En el marco del Día Internacional para la Eliminación de la Violencia contra la Mujer, Sudán denunció que al menos 500 mujeres y niñas han sido víctimas de violencia sexual por parte de combatientes del grupo paramilitar Fuerzas de Apoyo Rápido desde el inicio de la guerra en abril de 2023.
MIRÁ TAMBIÉN | Uruguay inicia la segunda vuelta electoral en una contienda reñida
El gobierno de Sudán ha denunciado este domingo, en conmemoración del Día Internacional para la Eliminación de la Violencia contra la Mujer, que se han documentado al menos 500 casos de violencia sexual perpetrados por los combatientes del grupo paramilitar Fuerzas de Apoyo Rápido (FAR) desde que comenzara la guerra en abril de 2023. En un comunicado emitido por el Ministerio de Exteriores del país, se hizo un llamado a la comunidad internacional para que tome acción frente a las atrocidades sistemáticas cometidas contra mujeres y niñas en varias regiones de Sudán.
El comunicado detalla que las FAR han sido responsables de una serie de crímenes contra mujeres, que incluyen violaciones, secuestros, esclavitud sexual, matrimonios forzados y otras formas de violencia y tratos inhumanos.

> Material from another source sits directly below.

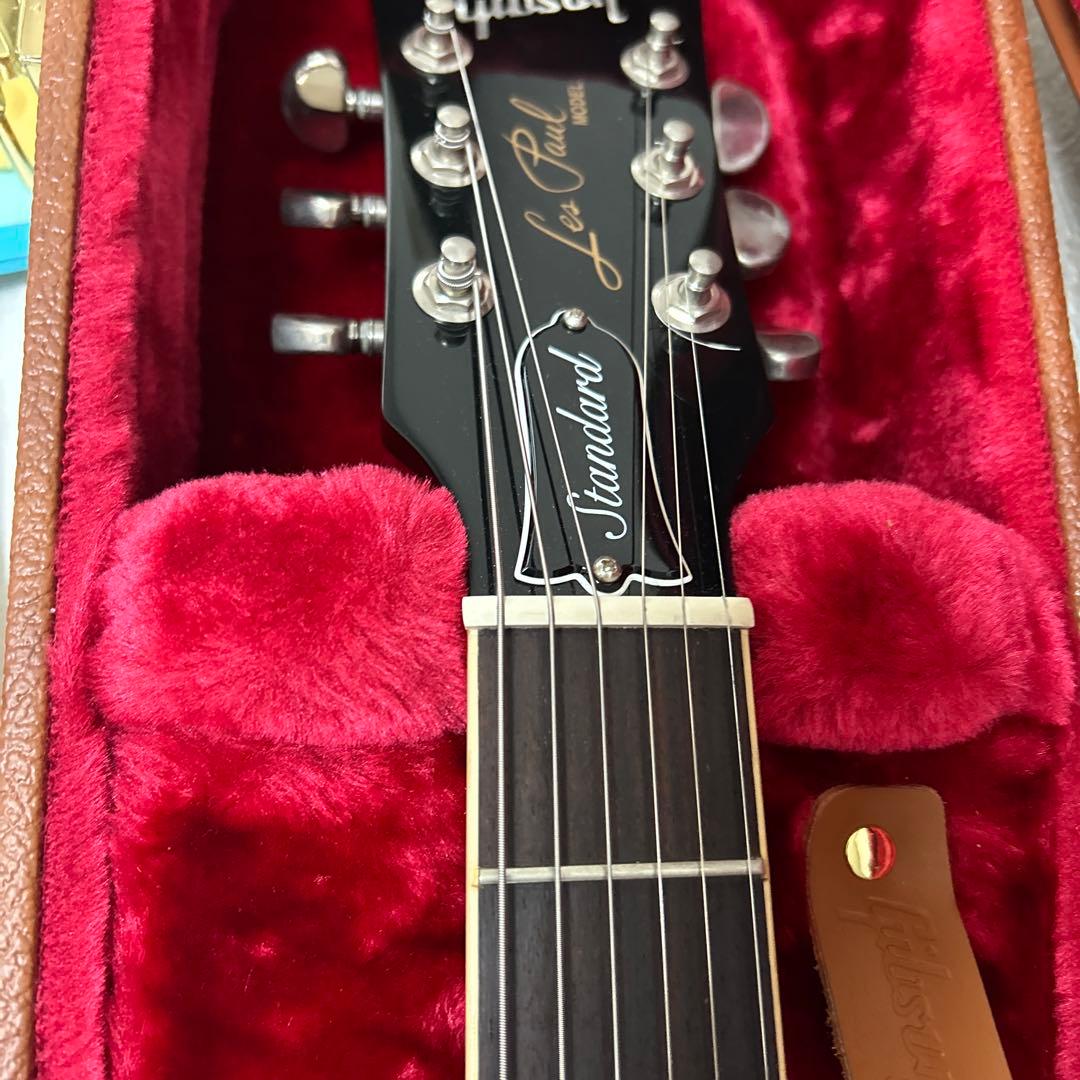 ギブソン　レスポール　スタンダード　美品未使用に近い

Según las autoridades sudanesas, los testimonios de las supervivientes de las zonas invadidas por las milicias han permitido documentar estos 500 casos de violación. Sin embargo, el Ministerio subraya que es probable que muchos otros casos no hayan sido reportados debido a la falta de denuncias o a que las víctimas continúan bajo el control de las milicias.
Además, se estima que cientos de mujeres han sido secuestradas, tomadas como rehenes y sometidas a esclavitud sexual. Informes de diversas organizaciones de derechos humanos también alertan sobre el contrabando de niñas fuera de las zonas familiares y de Sudán, con el fin de ser esclavizadas.
MIRÁ TAMBIÉN | Sheinbaum se reunirá con los padres de los 43 de Ayotzinapa
El gobierno sudanés acusó a las FAR de utilizar la violación como arma de guerra, obligando a las comunidades a abandonar sus aldeas y hogares, y provocando el desplazamiento masivo de los habitantes para permitir la instalación de los combatientes paramilitares. Además, apuntó a la violencia sexual como una estrategia de genocidio y limpieza étnica, dirigida a grupos étnicos específicos, en la que los paramilitares matan a todos los hombres y violan a mujeres y niñas para, supuestamente, engendrar niños que puedan pertenecer a las tribus de los combatientes.
La ONU ya había documentado la violencia sexual y otras graves violaciones de los derechos humanos perpetradas por las FAR, en un informe publicado en octubre de 2023. El informe señaló que estos crímenes incluyen crímenes de guerra y crímenes contra la humanidad, como la violación, la esclavitud sexual y la persecución por motivos étnicos y de género. Las principales agresiones ocurrieron en el Gran Jartum, así como en los estados de Darfur (oeste) y Gezira (centro-este).
La guerra civil en Sudán, que comenzó debido al desacuerdo entre el Ejército y las Fuerzas de Apoyo Rápido sobre su integración en las Fuerzas Armadas, ha provocado una crisis humanitaria sin precedentes. Desde el inicio del conflicto, decenas de miles de personas han muerto y más de 14 millones de personas se han visto obligadas a desplazarse tanto dentro de Sudán como a países vecinos.